Leave the pictures out, and repeat exactly every line from the one with "[BUNJANG] Thom Browne" through the end of the data below.

**RECORDS FOR THIS TASK**
-- Opening Marker --

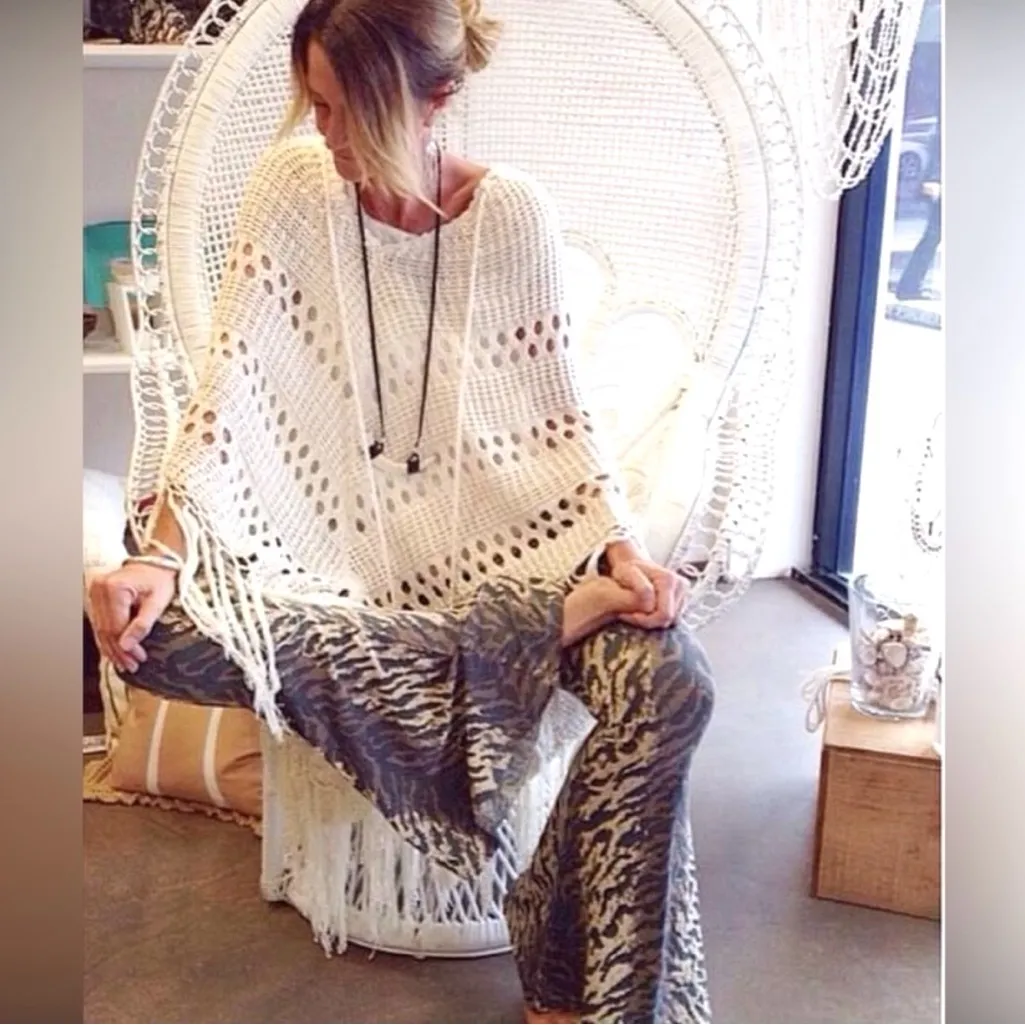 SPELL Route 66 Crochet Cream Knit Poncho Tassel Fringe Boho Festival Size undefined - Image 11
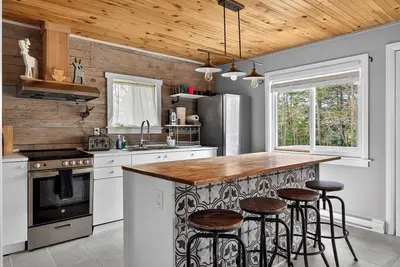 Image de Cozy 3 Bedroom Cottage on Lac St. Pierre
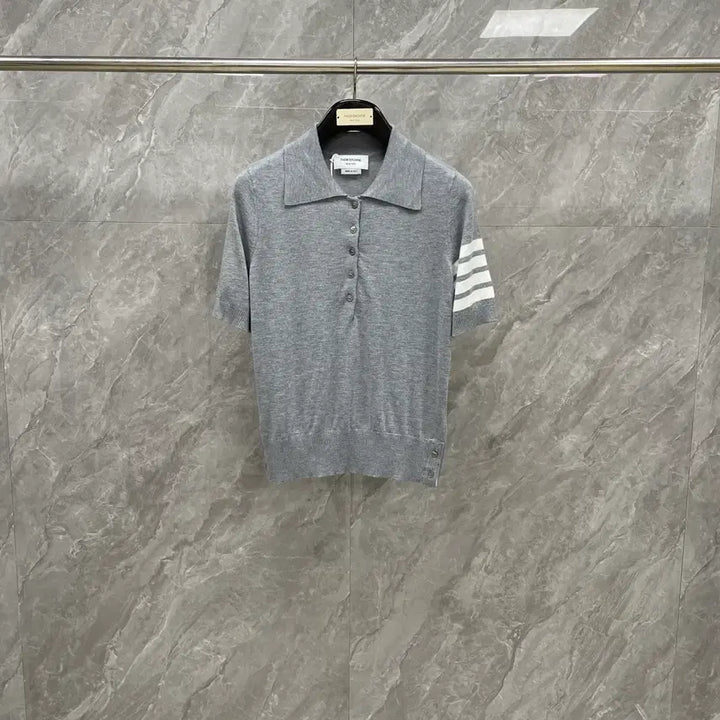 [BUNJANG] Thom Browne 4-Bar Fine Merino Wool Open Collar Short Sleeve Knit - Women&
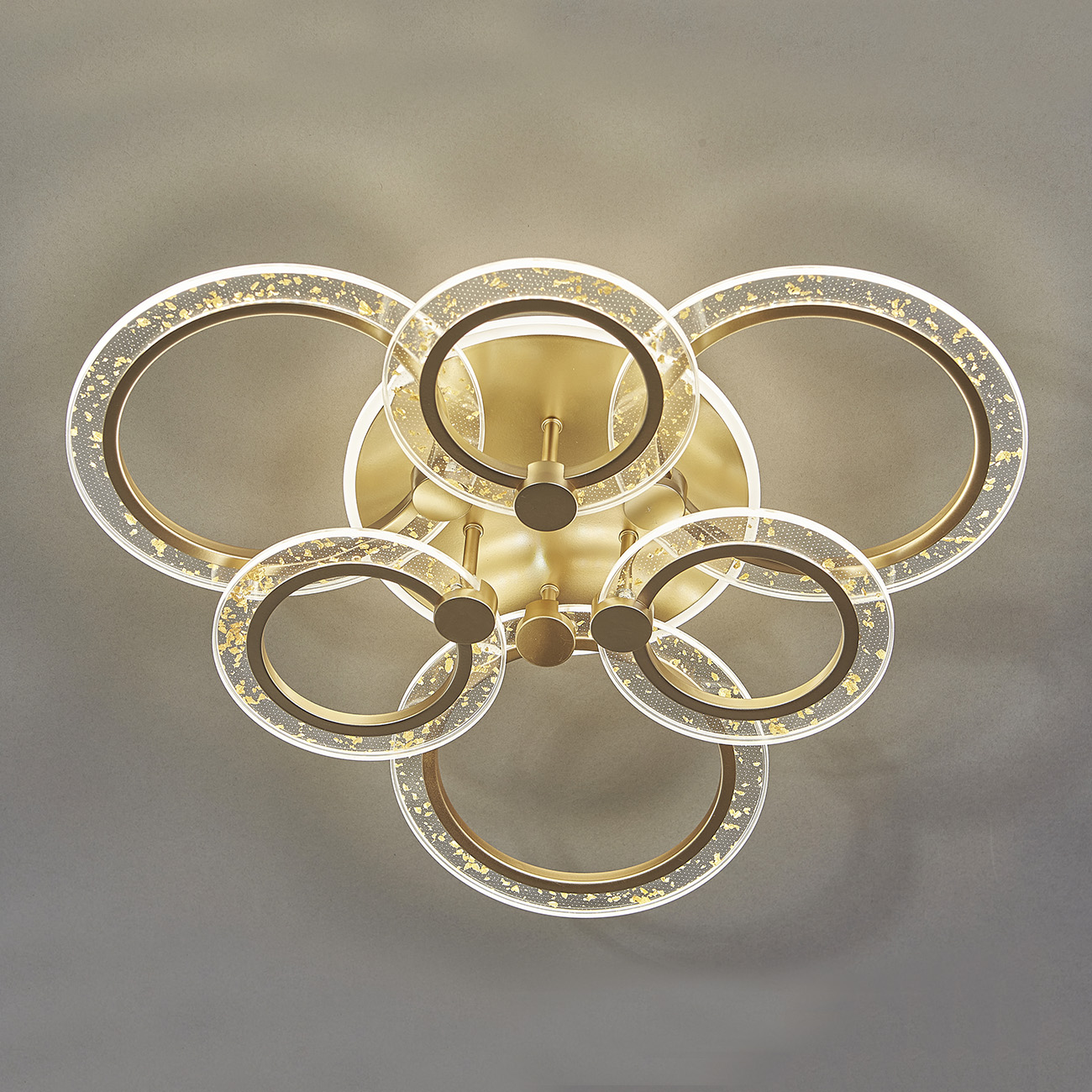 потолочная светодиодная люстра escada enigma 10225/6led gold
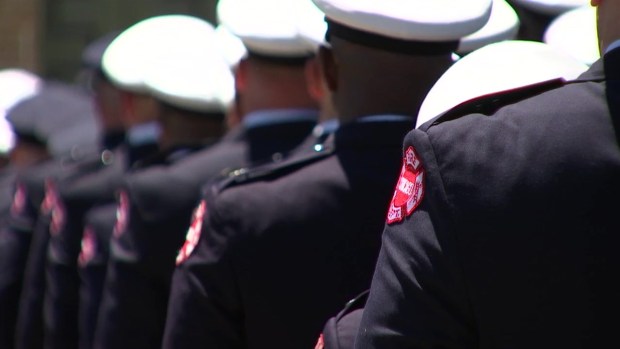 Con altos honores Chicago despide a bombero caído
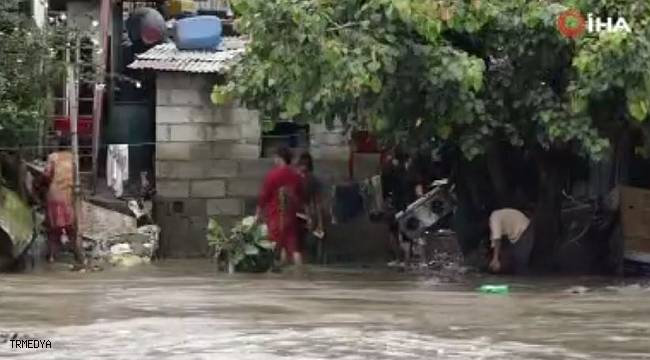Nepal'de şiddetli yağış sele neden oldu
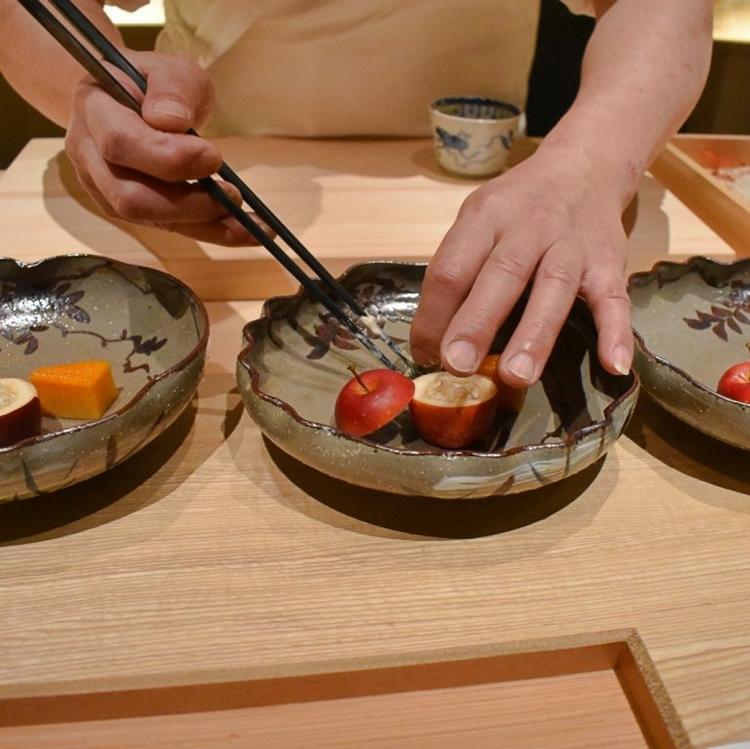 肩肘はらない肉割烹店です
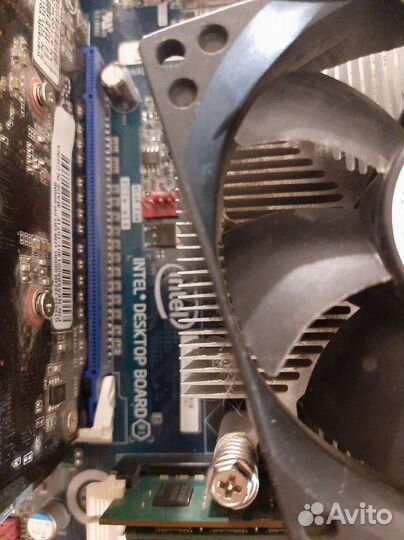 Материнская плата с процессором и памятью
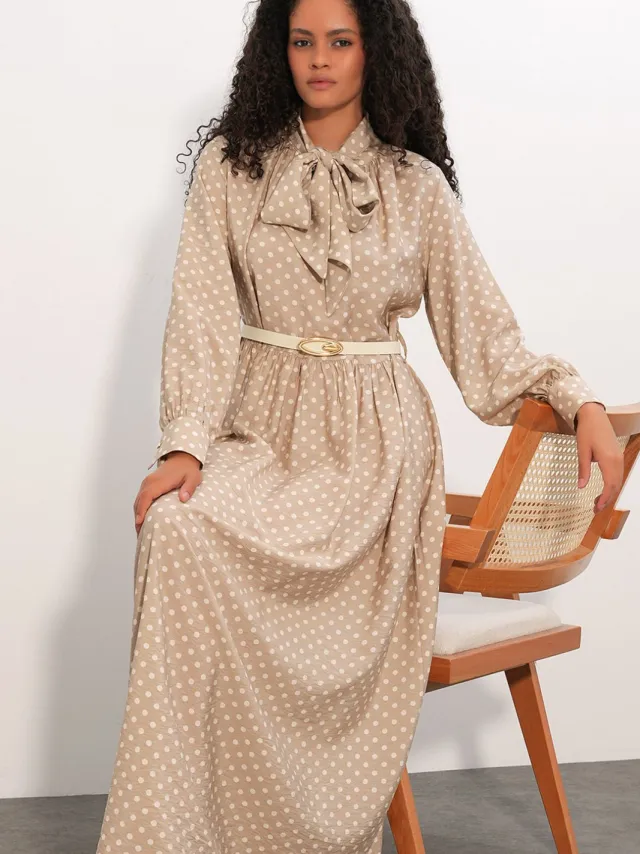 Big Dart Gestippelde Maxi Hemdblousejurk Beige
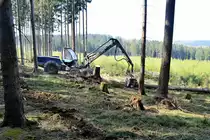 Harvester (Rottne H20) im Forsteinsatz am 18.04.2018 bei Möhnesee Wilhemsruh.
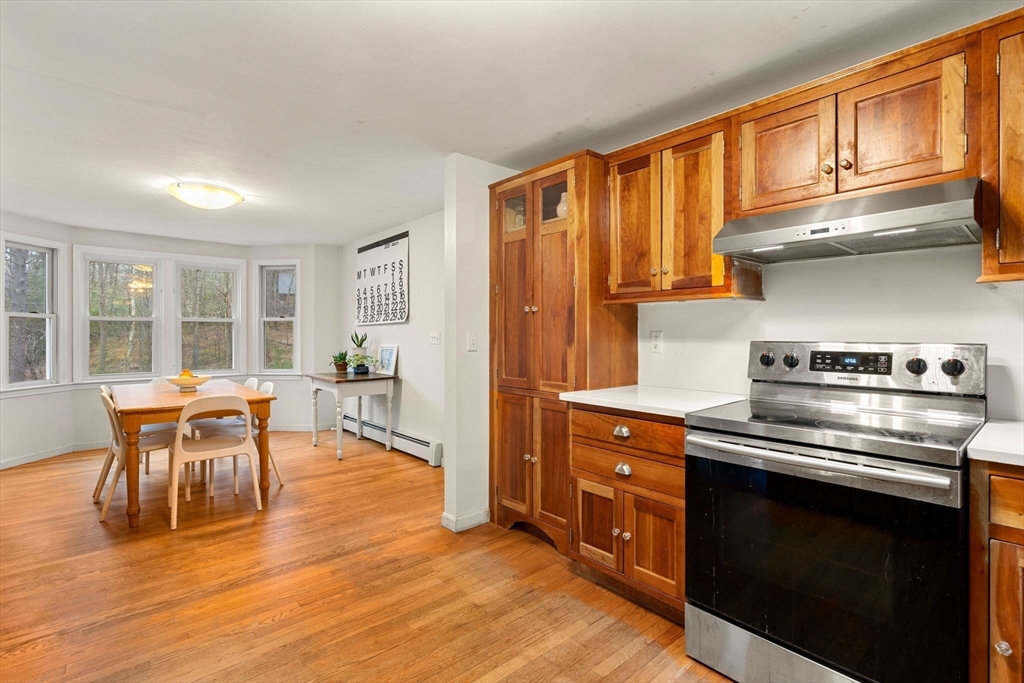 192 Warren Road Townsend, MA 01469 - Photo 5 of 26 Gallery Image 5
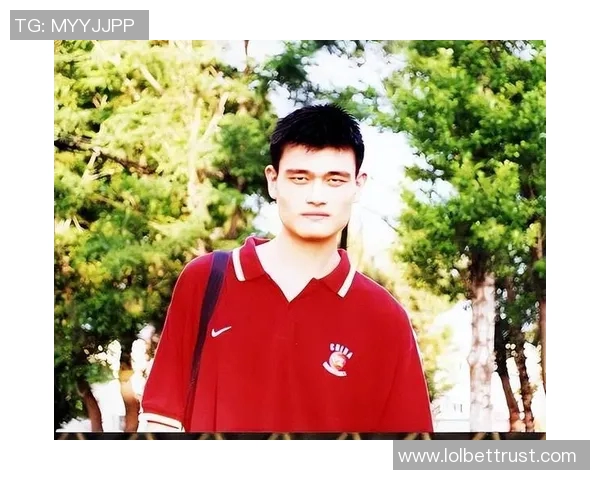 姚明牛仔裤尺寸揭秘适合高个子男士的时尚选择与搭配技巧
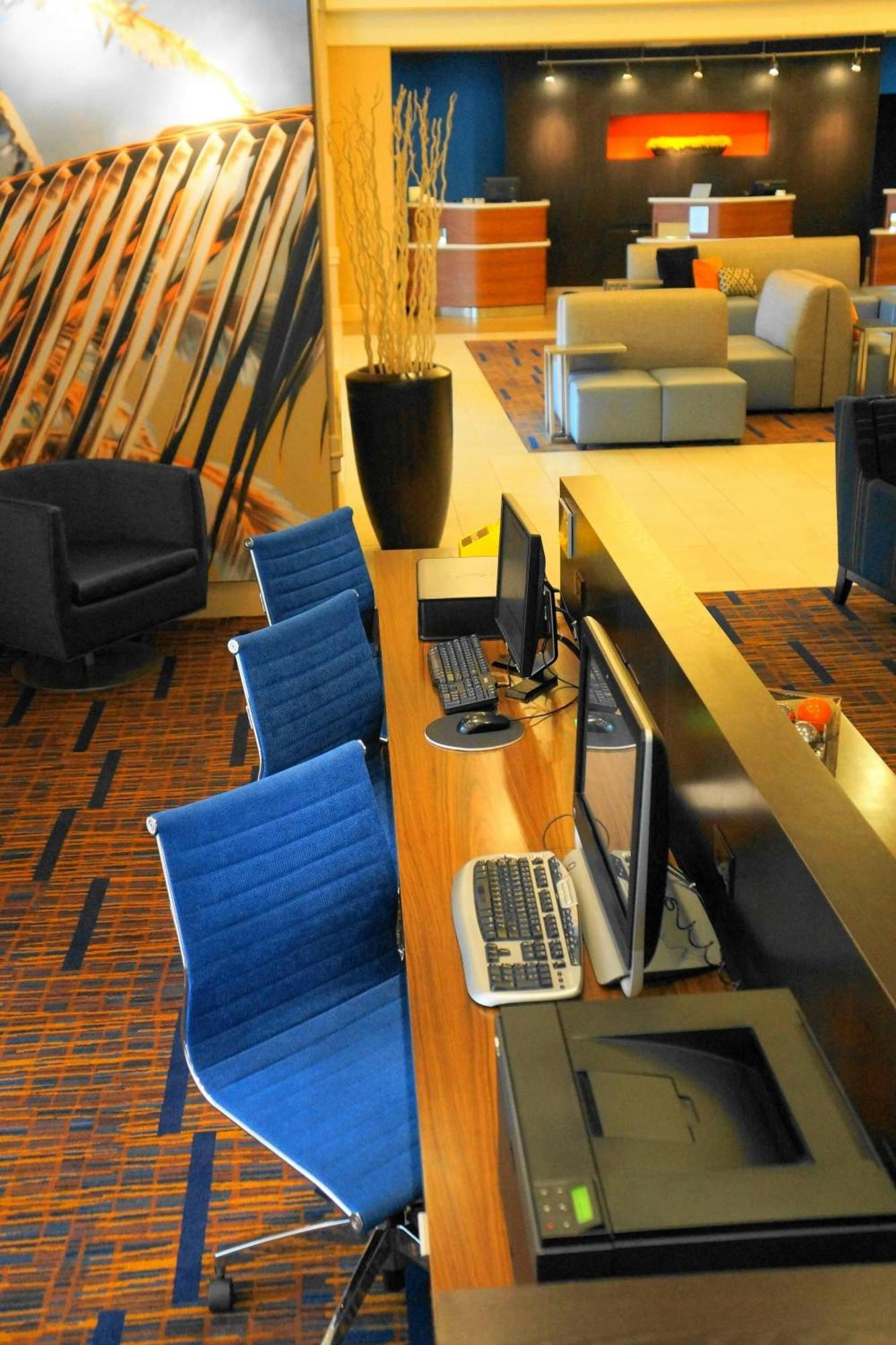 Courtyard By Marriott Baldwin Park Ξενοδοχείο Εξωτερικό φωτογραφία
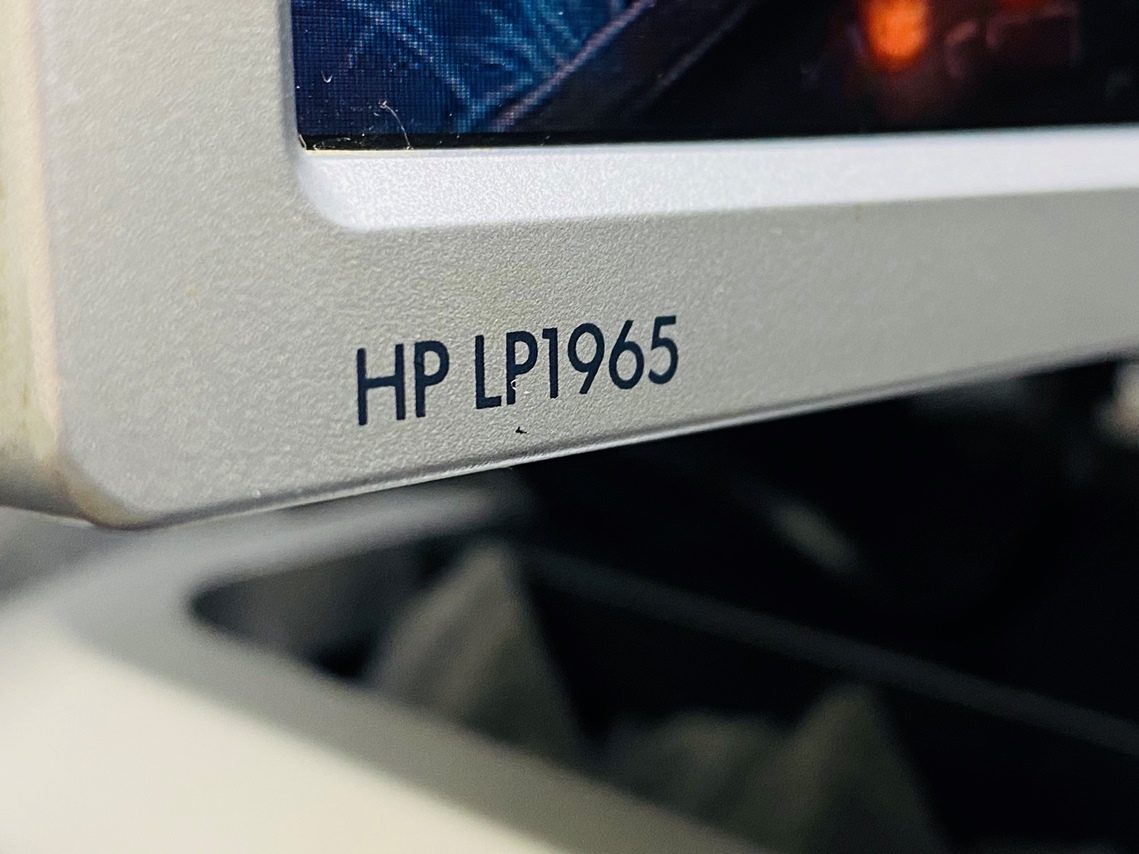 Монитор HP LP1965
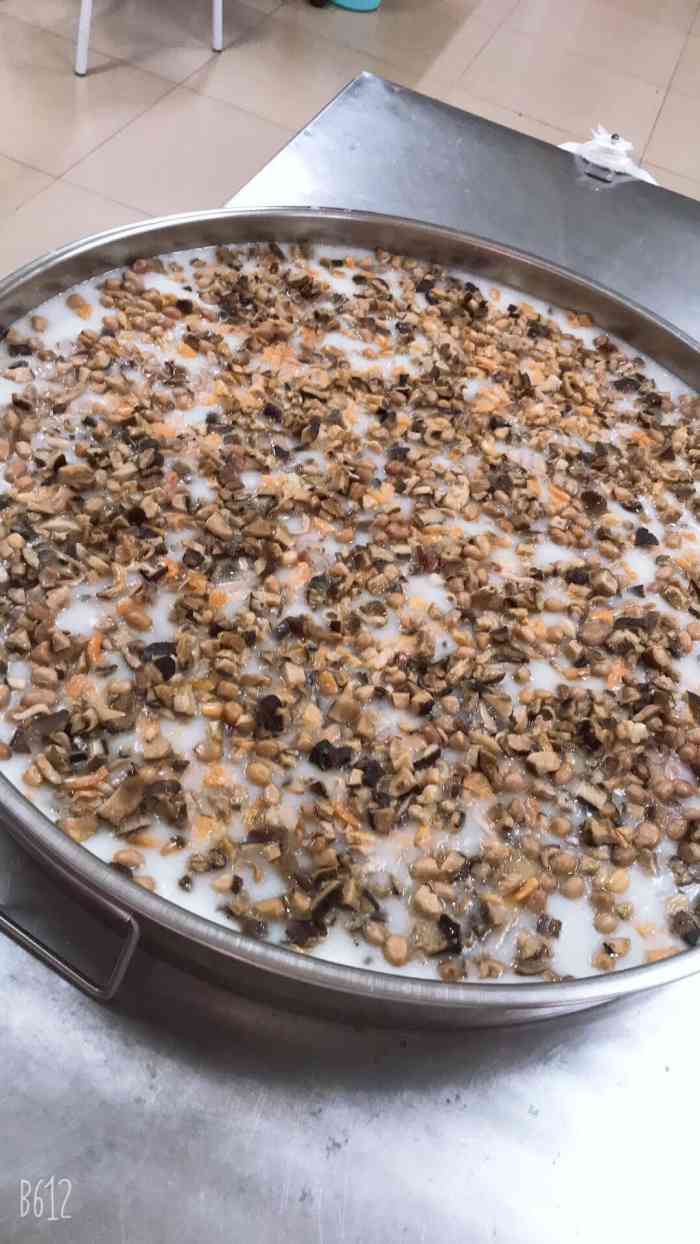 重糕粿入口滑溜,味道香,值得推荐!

-- Closing Marker --

**SOLUTION TO THIS PROBLEM**
 [BUNJANG] Thom Browne 4-Bar Fine Merino Wool Open Collar Short Sleeve Knit - Women&
 потолочная светодиодная люстра escada enigma 10225/6led gold
 Con altos honores Chicago despide a bombero caído
Nepal'de şiddetli yağış sele neden oldu
 肩肘はらない肉割烹店です
 Материнская плата с процессором и памятью
 Big Dart Gestippelde Maxi Hemdblousejurk Beige
 Harvester (Rottne H20) im Forsteinsatz am 18.04.2018 bei Möhnesee Wilhemsruh.
 192 Warren Road Townsend, MA 01469 - Photo 5 of 26 Gallery Image 5
 姚明牛仔裤尺寸揭秘适合高个子男士的时尚选择与搭配技巧
 Courtyard By Marriott Baldwin Park Ξενοδοχείο Εξωτερικό φωτογραφία
 Монитор HP LP1965
 重糕粿入口滑溜,味道香,值得推荐!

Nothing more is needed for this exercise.